Wag The Dogma

[30min, Channel 4/NFTS - 2000] Music & lyrics; Documentary about the ‘Dogme 95’ movement, director: Emily James
* Awarded Kodak/Celect Student film of the year, 2000
* Best Documentary – Atlanta Festival, 2001

This was the first film I worked with Emily James on, when we first met at the National Film & Television School. I’d played some of my songs at a film school party and she immediately asked me to be involved with her current project, Wag the Dogma. It was a playful documentary about the Dogme 95 film movement (Lars von Trier, Thomas Vinterberg et al). This was big news at the time, especially at film school as you can imagine… suddenly films like Festen and The Idiots, that cost next to nothing to make were in cinemas and going down a storm.

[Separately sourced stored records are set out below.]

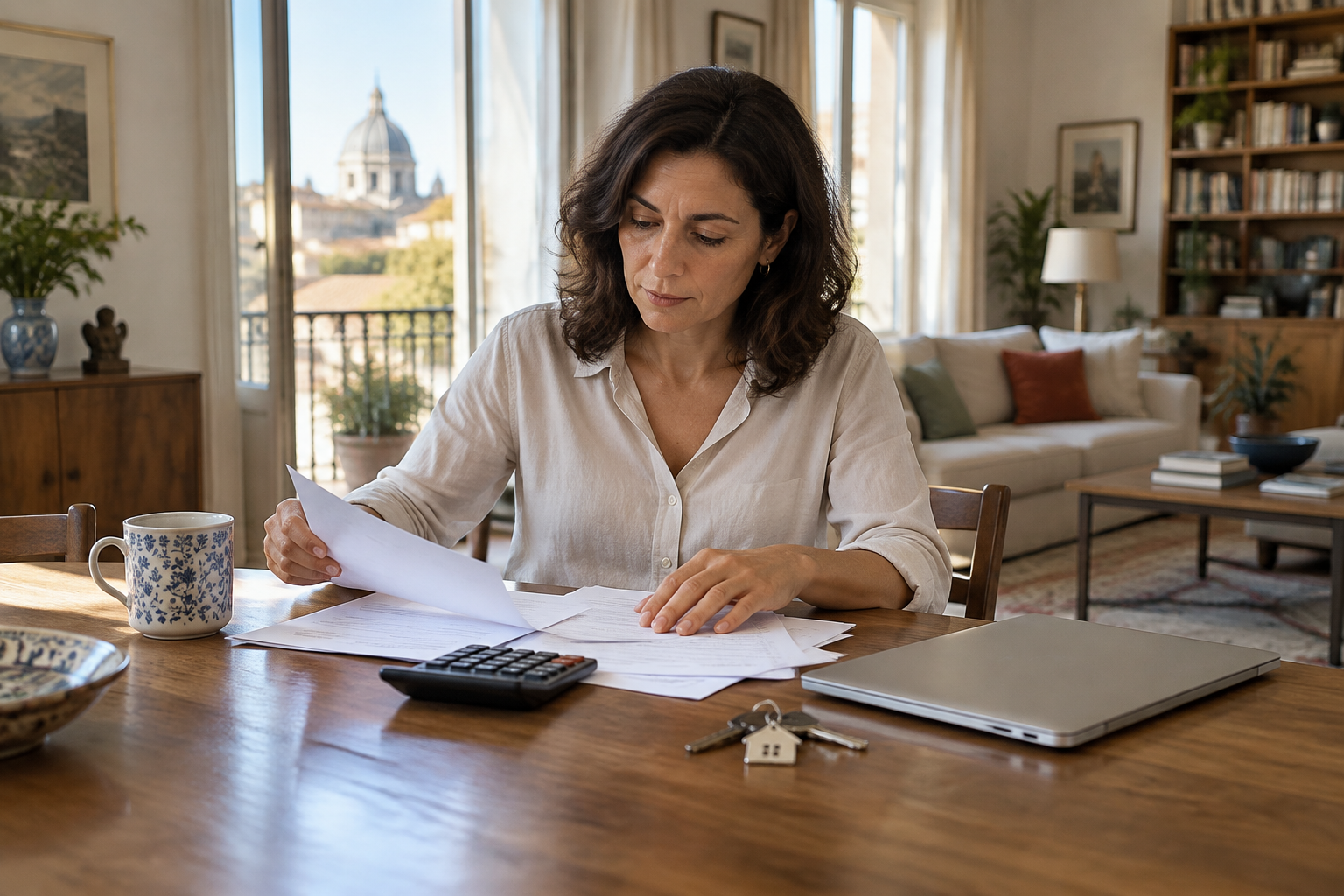 Proprietario che confronta i costi di locazione con documenti, calcolatrice e chiavi dell'appartamento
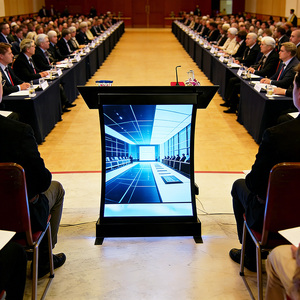 Podio Digital LED Móvil para Publicidad, con Pantalla LED para Escenarios, Cines, Conferencias y Eventos, de Uso Comercial - Product Image 1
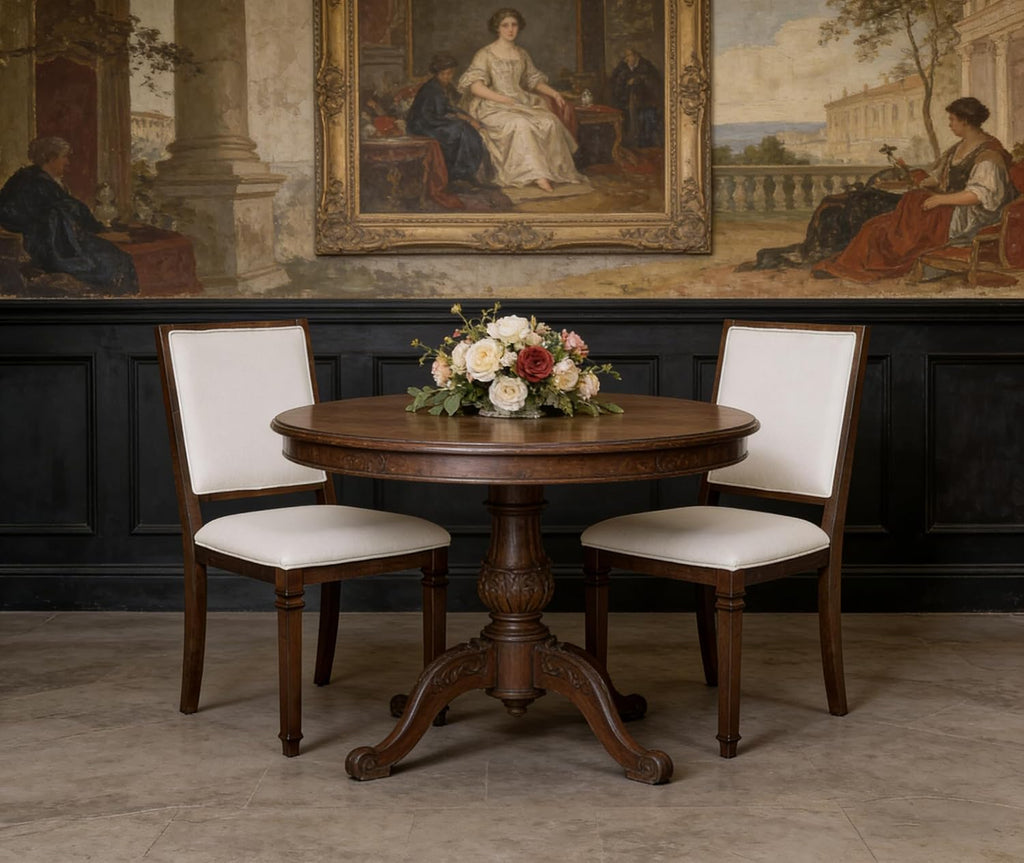 Walnut Fabric Vintage Dining Chairs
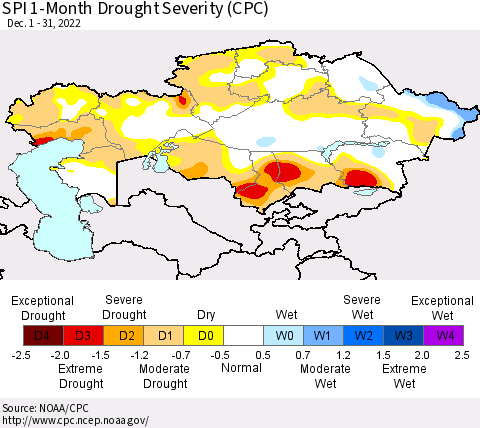Kazakhstan SPI 1-Month Drought Severity (CPC) Thematic Map For 12/1/2022 - 12/31/2022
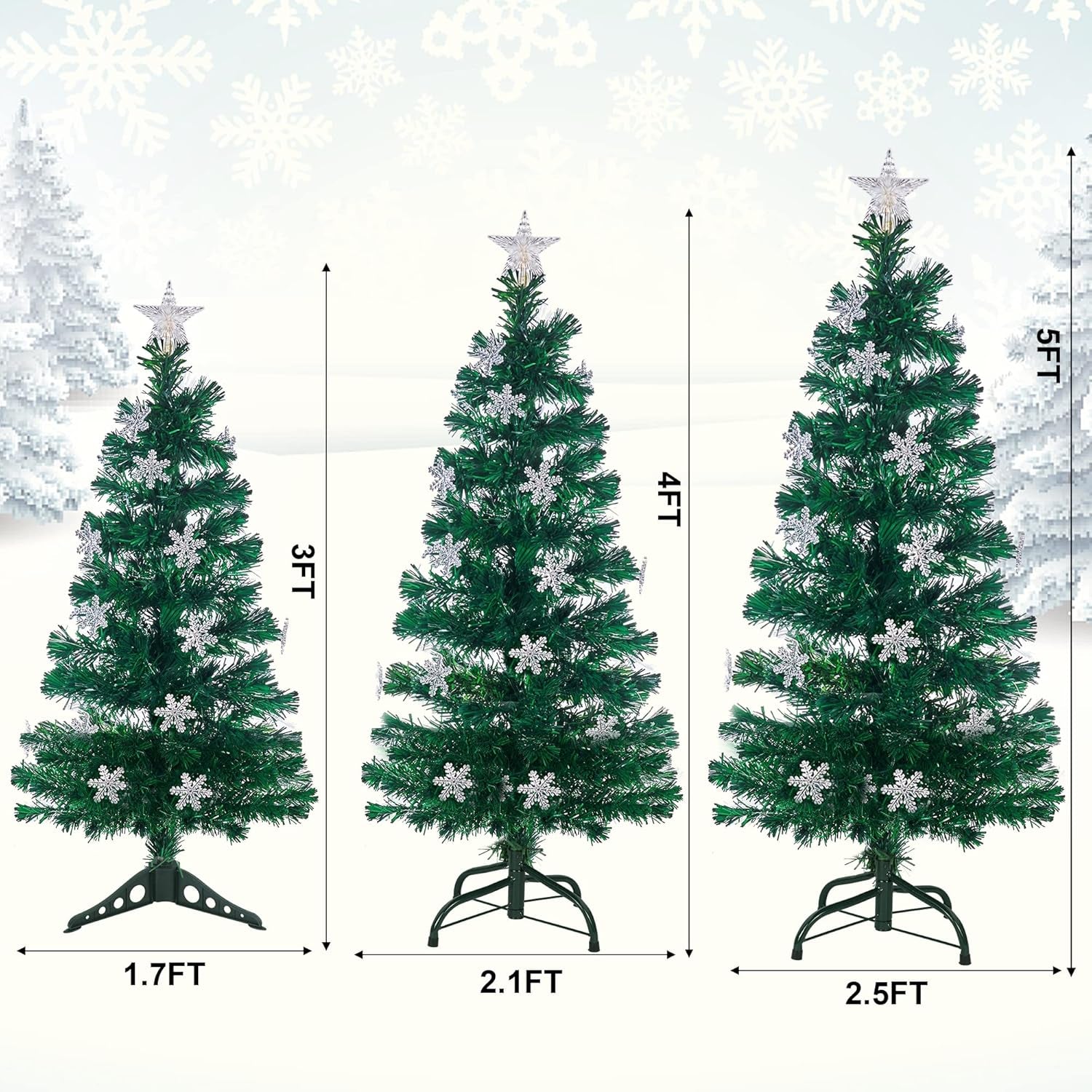 Illuminate Your Holidays with the Stunning Prsildan 3 FT Pre-Lit Optical Fiber Christmas Tree Featuring Multicolor LED Lights and Charming Snowflakes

Anyway, I ended up being a pretty big part of this film, as I’m used as a kind of musical narrator throughout. Martino and Emily discussed the idea with me and referenced the songs by Jonathan Richman in There’s Something About Mary; so I said, “Yes I know exactly what you mean”, neglecting to mention the fact that I’d never seen the film and, more embarassingly, had never heard any Jonathan Richman. Rather than researching this privately, I just thought I’d do my own thing, so I went away and quickly wrote a few songs for the film. “Perfect!”, they said, “Just what we asked for, like a posh English Jonathan Richman!”. Shit, I thought, I’d better find out about this guy, then. So I did… and he is great and I’ve since been to see him playing live. If you were feeling cruel you could say my songs are a bit Jackanory compared to his… but who’s being cruel?

Wag the Dogma was great fun to make. I wrote the songs – both music and lyrics – in a few days, recorded it with a little band in one evening (drums, bass, trombone & me on guitar and vocal). Then we were filmed playing the songs in the tiny patch of park outside the Ritzy in Brixton one bitter winter day. It was completely freezing, and we were getting some pretty weird looks!

The film did really well at festivals all round the world and then got picked up by Channel 4 who broadcast it in 2001. The whole mood of the film was really good, but I think the music really helps set the tone… it’s not often that my own songs make me smile, but these ones do!